Mr. Dudamel is now in his third season as principal conductor of Sweden's Gothenburg Symphony Orchestra, and he remains artistic director of Venezuela's esteemed Simón Bolívar Youth Orchestra, a title he acquired at age 19. So his relative youth is not an issue. "Of course, I don't have the knowledge and the experience of a 60- or 70-year-old conductor," he said. "But I have been conducting for 17 years, starting at 12. When I see the development of my life, I can see that every day has been a new step forward. I'm always crazy to learn. In 10 years I will have more experience and in 20 even more—if God give me life. So I'm not worried about that. When you are focused on the things you want, and you study, and you are open to listening, all of the experience is coming naturally."
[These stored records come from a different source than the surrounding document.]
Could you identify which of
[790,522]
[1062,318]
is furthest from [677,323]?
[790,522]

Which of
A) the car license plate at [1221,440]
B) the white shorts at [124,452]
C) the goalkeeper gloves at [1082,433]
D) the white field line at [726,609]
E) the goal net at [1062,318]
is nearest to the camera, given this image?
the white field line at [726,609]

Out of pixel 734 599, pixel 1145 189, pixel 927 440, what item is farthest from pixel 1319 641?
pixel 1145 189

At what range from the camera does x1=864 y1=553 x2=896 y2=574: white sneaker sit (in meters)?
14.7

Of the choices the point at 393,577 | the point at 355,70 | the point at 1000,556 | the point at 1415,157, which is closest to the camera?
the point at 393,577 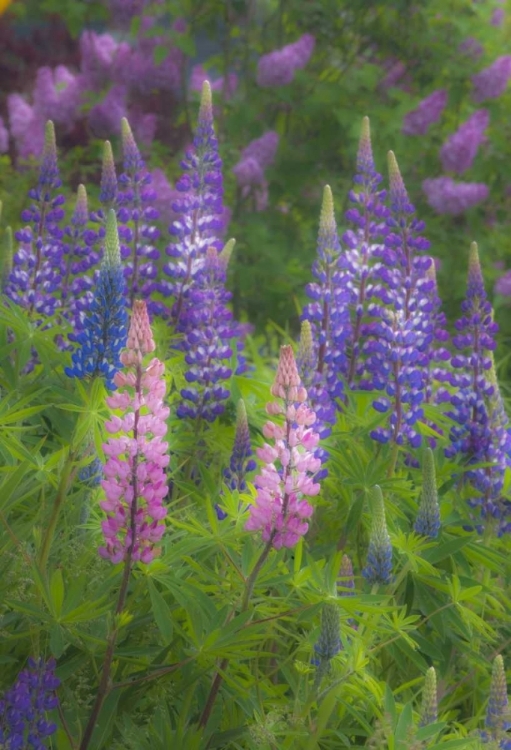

If Mr. Dudamel appears unflappable, that's because he is. Even mention of Hugo Chávez, Venezuela's repressive president, does not faze him, though he quickly steers the conversation toward El Sistema, his country's vaunted and longstanding music-education program for underprivileged youths, from which he himself sprung. "For me to talk about politics is really impossible," the conductor said. "But it's very important to understand that I'm coming from this wonderful program of music, and through music we are building a better country. I'm very proud of my country. . . . As an artist, the main thing is to unify, to stand on the stage and play music for everybody."

Mr. Mermelstein writes for the Journal on classical music and film.